上尾は背丈程ある草をかき分けて庭の一本の木の目の前に立ち止まると何かを話す。1分程すると庭の入口に待たせておいた宮子の方へ戻り青白い顔で「行こう」と車へ戻った。
昨晩と同じ時刻、夜の闇も深まり虫の鳴き声すら静まり返っていた。
上尾は宮子と別荘の中へ入り新島と対面する。新島は昨日のように二人を睨みつけているが、威圧的な態度は無くなり怯えた様な表情を見せた。
「あれを見つけたのか、」
新島は上尾に尋ねた。
「はい、昼間お話して来ました。」
新島は懺悔をするようにテーブルの上に両肘をついて頭を垂らす。
「十年前、愛人の浅香さんはあなたに別れ話を切り出されて口論になった末首を絞められてあの庭の木の下に埋められたそうですね。」
新島は黙ったまま、上尾の言葉を受け入れる。
「八年前投資に失敗してここで服毒自殺をされたのはこの別荘を手放すのを恐れていたからですね。ここで死ねば事故物件となり不動産屋も買取ろうとはしない、そうすれば埋めた浅香さんが見つかる事はない
、そう考えたのですね。」
「頼む、助けてくれ。あの女は、死んでも俺を苦しめるんだ。この別荘から立ち退くから頼む。」
「そんな事当然の事です。あなたは一人の人間を殺したのですよ。それを悔やみ罪悪感を持たないのか。」
上尾は軽蔑した眼差しで震える新島を睨みつける。
「あんな女、いなくなった所で何が困るというんだ。警察だってな、勝手に蒸発したと言ってなんの疑いも持たなかった。」
「確かに警察がまともに調査をしていなかった事は事実です。」
上尾は苦虫を潰したような顔をして言った。
「そうだろ、だから、」
「ですが、あなたが人を殺めた事は疑いようのない事実です。僕は一人の人間としてあなたに怒りを覚えている。」
上尾は伸び放題の髪を逆立てて新島に迫る。新島は裁きを受けているかのように椅子から転げ落ち上尾にカーテンで閉め切られた窓まで追い込まれる。上尾は新島を窓に追い込むと十年間開けられることのなかったカーテンを掴み勢いよく開け放つ。窓の外には昨夜と同じように赤いネグリジェの浅香が外の闇と同じ位真っ暗な目で家の中をじっと見ていた。

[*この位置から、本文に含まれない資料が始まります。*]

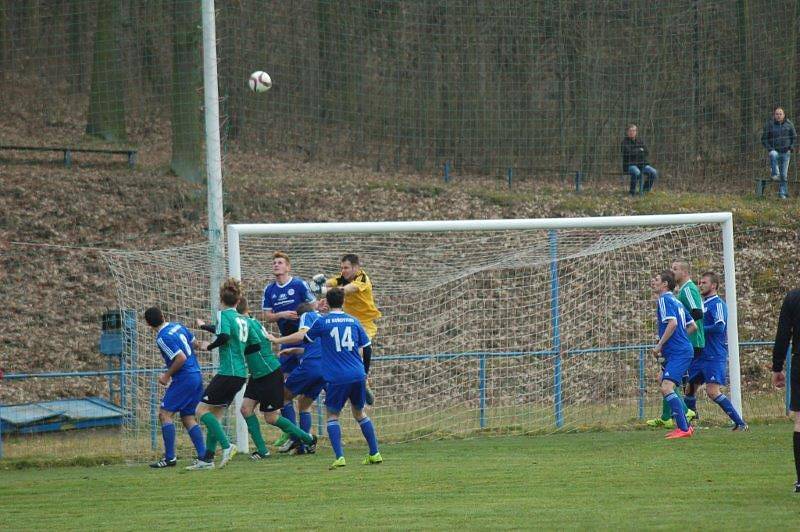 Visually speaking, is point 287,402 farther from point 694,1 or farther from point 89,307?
point 694,1

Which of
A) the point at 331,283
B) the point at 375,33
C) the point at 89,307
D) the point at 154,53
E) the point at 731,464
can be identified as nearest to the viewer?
the point at 731,464

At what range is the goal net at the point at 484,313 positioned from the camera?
1363 centimetres

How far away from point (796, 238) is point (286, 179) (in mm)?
11017

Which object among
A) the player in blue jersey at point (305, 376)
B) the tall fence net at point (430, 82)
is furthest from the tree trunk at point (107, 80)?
the player in blue jersey at point (305, 376)

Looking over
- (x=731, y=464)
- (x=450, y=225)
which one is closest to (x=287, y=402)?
(x=450, y=225)

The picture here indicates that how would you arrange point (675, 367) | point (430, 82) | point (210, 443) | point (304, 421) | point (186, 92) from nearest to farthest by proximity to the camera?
1. point (210, 443)
2. point (675, 367)
3. point (304, 421)
4. point (186, 92)
5. point (430, 82)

上尾は留め具を外して窓を開けてズボンにしがみつく新島を蹴り飛ばした。真っ暗な草むらに投げ出された新島は「助けてくれ、助けてくれ」と見下ろす上尾に乞うが、獲物を見つけた猛獣のようなかつての愛人に首根っこを掴まれ夜明け前の闇の中へ消えていった。その光景は例えるなら地獄の窯が開き鬼が罪深き罪人を連れて行くようだった。
一部始終を見届けた上尾は覇気を失いその場に倒れ込む。襲いかかる寒さとあの世のものとの対峙で上尾の精神は深く蝕まれていた。宮子は生気を失いかけている上尾を受け止めるように抱き寄せる。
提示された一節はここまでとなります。